**TASK STATEMENT:** Retype each record shown below, leaving every character as it is.

───── RECORDS FOR THE EXERCISE

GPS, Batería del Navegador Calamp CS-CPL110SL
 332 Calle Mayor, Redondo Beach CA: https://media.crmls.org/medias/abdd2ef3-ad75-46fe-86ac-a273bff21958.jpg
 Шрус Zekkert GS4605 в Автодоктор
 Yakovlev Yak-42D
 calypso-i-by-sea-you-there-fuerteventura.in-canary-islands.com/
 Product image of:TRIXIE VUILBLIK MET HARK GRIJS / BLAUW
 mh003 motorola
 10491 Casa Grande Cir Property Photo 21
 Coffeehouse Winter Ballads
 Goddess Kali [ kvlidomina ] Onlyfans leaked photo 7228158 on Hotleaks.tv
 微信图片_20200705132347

──────────

**PROBLEM SOLUTION:**
GPS, Batería del Navegador Calamp CS-CPL110SL
 332 Calle Mayor, Redondo Beach CA: https://media.crmls.org/medias/abdd2ef3-ad75-46fe-86ac-a273bff21958.jpg
 Шрус Zekkert GS4605 в Автодоктор
 Yakovlev Yak-42D
 calypso-i-by-sea-you-there-fuerteventura.in-canary-islands.com/
 Product image of:TRIXIE VUILBLIK MET HARK GRIJS / BLAUW
 mh003 motorola
 10491 Casa Grande Cir Property Photo 21
 Coffeehouse Winter Ballads
 Goddess Kali [ kvlidomina ] Onlyfans leaked photo 7228158 on Hotleaks.tv
 微信图片_20200705132347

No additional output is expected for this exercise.